It’s true that the easy welcome of the open house was made casual and effortless by the swarm of domestics hovering in the background. But it’s just as true that the back door was always as wide open as the front. No beggar off the streets was turned away without a meal or a handout. Anyone with the most tenuous claim, whether of kinship or former service, could be sure of a regular stipend or a place to spend the night.
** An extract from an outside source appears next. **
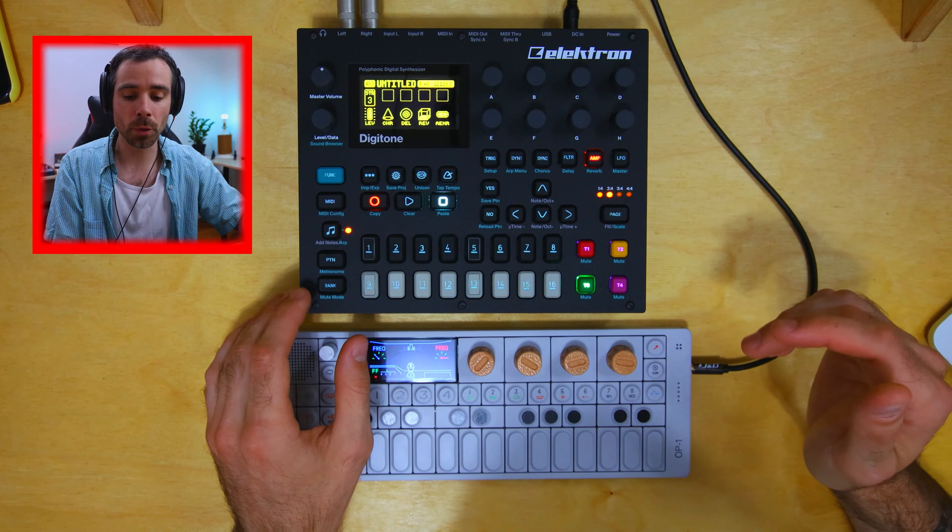Another important thing is adding fill notes, which I do more and more as the sequences progress. If you look at this trig specifically, you'll see it says 'fill' over the condition, meaning this trig will only play in fill mode. To trigger fill mode, you press the page button while the pattern is playing. So just like I'm adding more layers as sequences go on, I'm thinking the same way with fill notes — adding more fills going into sections for more intensity.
The nether regions of the house: the kitchen, the butler’s pantry, the kitchen balcony, the maid’s room and the all-purpose ‘holding-room’, were a domain into which I trespassed cautiously. At any time of day, but especially at mealtimes, I never knew whom I might stumble upon: the doorkeeper’s third cousin come up from the country, my aunt’s wet nurse, the seamstress who did alterations and ran up the servants’ clothes, the laundryman who did the ironing, the shoeshine man.
It’s also true that, long after the front door was closed, the back door stayed open. And that the last luxuries we clung to were pride, and the good name of the family.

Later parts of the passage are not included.